◆ ACTIVITY
Only the lines from the one with "Générique Scarpe Acquatiche" to the end of the data below should be returned, each exactly as it stands.

[[ RECORDS PROVIDED, beginning ]]

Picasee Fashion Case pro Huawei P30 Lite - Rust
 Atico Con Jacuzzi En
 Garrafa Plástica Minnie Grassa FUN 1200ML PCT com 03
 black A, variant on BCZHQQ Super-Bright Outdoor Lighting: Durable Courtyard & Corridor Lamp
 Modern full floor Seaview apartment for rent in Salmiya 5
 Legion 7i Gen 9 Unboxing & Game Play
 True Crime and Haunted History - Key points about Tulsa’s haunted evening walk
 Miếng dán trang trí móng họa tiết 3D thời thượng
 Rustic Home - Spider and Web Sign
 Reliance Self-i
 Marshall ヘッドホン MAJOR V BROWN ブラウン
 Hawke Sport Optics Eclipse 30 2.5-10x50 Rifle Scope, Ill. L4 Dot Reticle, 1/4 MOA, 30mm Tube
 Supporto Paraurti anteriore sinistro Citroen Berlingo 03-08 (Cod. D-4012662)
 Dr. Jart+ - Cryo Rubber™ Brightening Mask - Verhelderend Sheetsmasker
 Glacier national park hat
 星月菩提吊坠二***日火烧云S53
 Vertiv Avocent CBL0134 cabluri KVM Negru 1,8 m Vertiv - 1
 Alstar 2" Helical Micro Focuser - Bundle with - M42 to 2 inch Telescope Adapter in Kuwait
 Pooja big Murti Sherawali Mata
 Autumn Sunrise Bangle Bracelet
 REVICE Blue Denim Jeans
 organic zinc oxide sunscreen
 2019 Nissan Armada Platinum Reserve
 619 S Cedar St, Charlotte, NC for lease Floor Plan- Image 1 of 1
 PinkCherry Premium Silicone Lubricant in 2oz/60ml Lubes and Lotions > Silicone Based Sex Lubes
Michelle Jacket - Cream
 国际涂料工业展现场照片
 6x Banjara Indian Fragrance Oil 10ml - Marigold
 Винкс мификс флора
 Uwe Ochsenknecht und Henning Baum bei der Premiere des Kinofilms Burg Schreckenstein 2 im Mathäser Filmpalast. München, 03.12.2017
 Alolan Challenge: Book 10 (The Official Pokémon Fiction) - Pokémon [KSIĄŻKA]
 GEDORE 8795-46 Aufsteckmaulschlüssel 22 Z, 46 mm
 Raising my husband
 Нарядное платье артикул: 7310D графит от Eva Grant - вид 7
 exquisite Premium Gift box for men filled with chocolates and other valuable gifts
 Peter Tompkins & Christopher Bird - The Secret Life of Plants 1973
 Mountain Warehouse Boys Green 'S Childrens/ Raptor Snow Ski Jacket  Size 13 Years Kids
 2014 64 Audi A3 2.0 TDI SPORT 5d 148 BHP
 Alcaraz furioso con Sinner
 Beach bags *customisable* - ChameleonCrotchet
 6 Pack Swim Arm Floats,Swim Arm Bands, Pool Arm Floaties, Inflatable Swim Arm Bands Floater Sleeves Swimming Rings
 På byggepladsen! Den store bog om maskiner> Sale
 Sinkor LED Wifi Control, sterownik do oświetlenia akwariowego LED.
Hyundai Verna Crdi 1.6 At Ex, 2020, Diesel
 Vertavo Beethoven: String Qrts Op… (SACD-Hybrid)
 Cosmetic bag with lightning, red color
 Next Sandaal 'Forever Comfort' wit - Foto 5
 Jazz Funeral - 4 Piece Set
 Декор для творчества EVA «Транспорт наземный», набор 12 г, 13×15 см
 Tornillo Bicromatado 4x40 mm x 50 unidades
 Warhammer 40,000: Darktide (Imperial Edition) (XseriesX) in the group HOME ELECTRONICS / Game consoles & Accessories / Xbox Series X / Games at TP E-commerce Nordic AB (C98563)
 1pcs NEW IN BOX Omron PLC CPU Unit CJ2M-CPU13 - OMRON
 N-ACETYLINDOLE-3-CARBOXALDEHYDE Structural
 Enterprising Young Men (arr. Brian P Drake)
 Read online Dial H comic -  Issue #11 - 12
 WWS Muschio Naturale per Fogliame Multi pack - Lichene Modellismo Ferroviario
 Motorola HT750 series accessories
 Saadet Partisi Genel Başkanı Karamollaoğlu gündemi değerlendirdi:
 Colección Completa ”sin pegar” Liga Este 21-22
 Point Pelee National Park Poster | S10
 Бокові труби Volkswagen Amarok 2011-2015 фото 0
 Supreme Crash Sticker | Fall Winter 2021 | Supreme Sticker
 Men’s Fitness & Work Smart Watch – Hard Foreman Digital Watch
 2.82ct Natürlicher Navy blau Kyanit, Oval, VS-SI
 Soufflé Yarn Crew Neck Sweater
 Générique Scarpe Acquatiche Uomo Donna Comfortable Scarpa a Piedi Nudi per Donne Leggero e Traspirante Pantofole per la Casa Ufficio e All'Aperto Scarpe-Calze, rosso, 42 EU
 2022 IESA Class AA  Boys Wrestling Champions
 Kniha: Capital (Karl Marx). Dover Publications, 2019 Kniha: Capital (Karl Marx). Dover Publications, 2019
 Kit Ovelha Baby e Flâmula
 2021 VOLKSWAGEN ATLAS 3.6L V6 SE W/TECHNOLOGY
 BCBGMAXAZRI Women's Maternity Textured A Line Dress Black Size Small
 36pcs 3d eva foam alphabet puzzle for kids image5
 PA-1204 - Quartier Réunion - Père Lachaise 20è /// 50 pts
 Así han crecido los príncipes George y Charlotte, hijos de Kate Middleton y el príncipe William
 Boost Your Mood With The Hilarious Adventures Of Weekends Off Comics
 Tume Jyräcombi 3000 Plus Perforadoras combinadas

[[ RECORDS PROVIDED, end ]]

◆ WRITTEN SOLUTION
 Générique Scarpe Acquatiche Uomo Donna Comfortable Scarpa a Piedi Nudi per Donne Leggero e Traspirante Pantofole per la Casa Ufficio e All'Aperto Scarpe-Calze, rosso, 42 EU
 2022 IESA Class AA  Boys Wrestling Champions
 Kniha: Capital (Karl Marx). Dover Publications, 2019 Kniha: Capital (Karl Marx). Dover Publications, 2019
 Kit Ovelha Baby e Flâmula
 2021 VOLKSWAGEN ATLAS 3.6L V6 SE W/TECHNOLOGY
 BCBGMAXAZRI Women's Maternity Textured A Line Dress Black Size Small
 36pcs 3d eva foam alphabet puzzle for kids image5
 PA-1204 - Quartier Réunion - Père Lachaise 20è /// 50 pts
 Así han crecido los príncipes George y Charlotte, hijos de Kate Middleton y el príncipe William
 Boost Your Mood With The Hilarious Adventures Of Weekends Off Comics
 Tume Jyräcombi 3000 Plus Perforadoras combinadas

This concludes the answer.